La urgencia, ahora, era
convertir aquella acción, unilateral y violenta, en un acto legal y que pudiera
ser aceptado por la falange de intelectualrrondos que, en occidente, estaba esperando
que le diesen argumentos para poder defender que lo que había pasado en Hungría
había sido todo muy normal. Así pues, se firmó un acuerdo entre Janos Kadar y
Gheorghiu-Dej; un memorando titulado El acuerdo vía intercambio de cartas
entre el gobierno de la República Popular de Rumania y el gobierno de la
República Popular de Hungría acerca de la asistencia prestada a Imre Nagy y
personas de su grupo en el territorio de la República Popular de Rumania.

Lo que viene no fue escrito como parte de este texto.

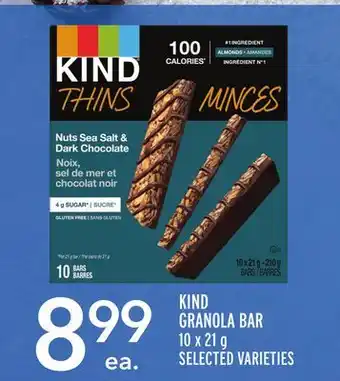 Metro Kind granola bar offer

Este papelito, que quizás todavía conservaba alguno de los tropenzoncillos que
se le habían quedado pegados cuando en Moscú se limpiaron el culo con él, había
sido, efectivamente, directamente supervisado por la task force formada
por Malenkov, Suslov y Averky Borisovitch Aristov.
Nagy y sus compañeros fueron
alojados en una casa de la Securitate, donde fueron interrogados a fondo por un
enviado especial de Moscú llamado Boris Shumilin. Grigore Preoteasa, ministro
rumano de Asuntos Exteriores, les prometió que representantes de Naciones
Unidas podrían visitarles. Pero, ¿sabéis qué? Pues, sí: les mintió.
La implicación de los
comunistas rumanos en la “nueva etapa” de una Hungría otra vez socialista fue
más allá. Emil Bodnaras, que fue parte de la delegación que estuvo en Budapest,
le ofreció al gobierno Kadar su asesoramiento en la reorganización de los servicios
de seguridad. Como consecuencia, diversos oficiales de la Securitate de
Transilvania, de origen húngaro, fueron enviados al país vecino. De hecho,
Bodnaras se quedó un tiempo en Budapest echando una mano, acompañado por un
oficial soviético, Wilhelm
Einhorn, que en realidad era un transilvano húngaro que había sido
reclutado por los soviéticos, y que había sido uno de los desinteresados
combatientes de nuestras Brigadas Internacionales. Ahora, como para demostrar
los alegres principios de democracia y libertad que con seguridad alumbraban a
todos los miembros de aquellos cuerpos militares, iba a dedicarse, en cuerpo y
alma, a hostiar húngaros en sótanos.
De esta manera, Gheorghiu-Dej consiguió lo que quería: consolidarse como el gran apoyo de la URSS en la gestión de la rebelión húngara. Lo que se dice todo un mérito histórico de mierda.